Probationary periods are often for the first 3 or 6 months of your new job and are used by your Employer to assess your performance and conduct during your early stages of employment, to make sure they are happy with your work.
However, probationary periods have no legal basis, so what do they actually mean? Here we give you the basic facts:
- Your Employment starts from your original start date, not from the date at the end of your probationary period (when you are ‘confirmed’ in the job).
- This means that your length of service, which is essential in determining your eligibility for statutory employment rights, starts from your original start date and is not affected by the probationary period.
- This includes the right not to be unfairly dismissed.
If your Employer is not satisfied with your performance or conduct during your probationary period:
- They may have the option to extend the probationary period if this is written into your contract (but again this does not affect your original start date) or
- They can dismiss you.
Your Employer can dismiss you legally if they are unhappy with your performance or conduct if:
- They follow correct disciplinary procedures (your Employer may also have a separate probationary period policy which outlines their procedures to end your employment) and
- They give you the correct notice period to dismiss you.

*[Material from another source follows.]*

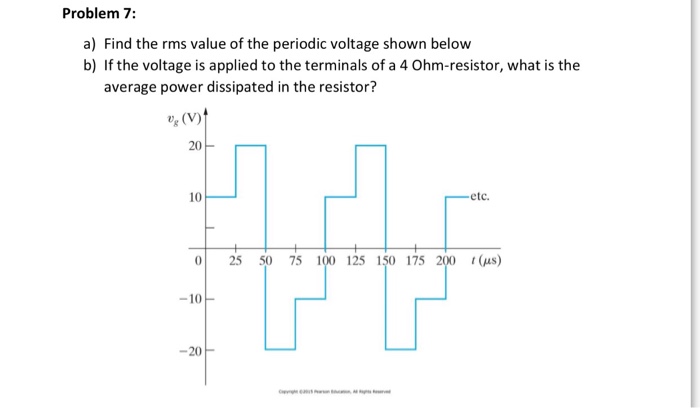 Solved Find the rms value of the periodic voltage shown | Chegg.com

- However, your Employer does not have to wait until the end of your probationary period to dismiss you.
If your Employer does not follow a disciplinary procedure to dismiss you, and your Employers disciplinary procedure is contractual, then they may be in breach of contract.
If you believe that your dismissal is unfair and you have 2 years service with your Employer (from your original start date, not from the end of your probationary period) you can bring a claim for unfair dismissal to an Employment Tribunal. You can bring a claim for discrimination to an Employment Tribunal at any point in your employment, from day 1, you do not need to have 2 years service if you believe you have been discriminated against.
Please note that the advice given on this website and by our Advisors is guidance only and cannot be taken as an authoritative or current interpretation of the law. It can also not be seen as specific advice for individual cases. Please also note that there are differences in legislation in Northern Ireland.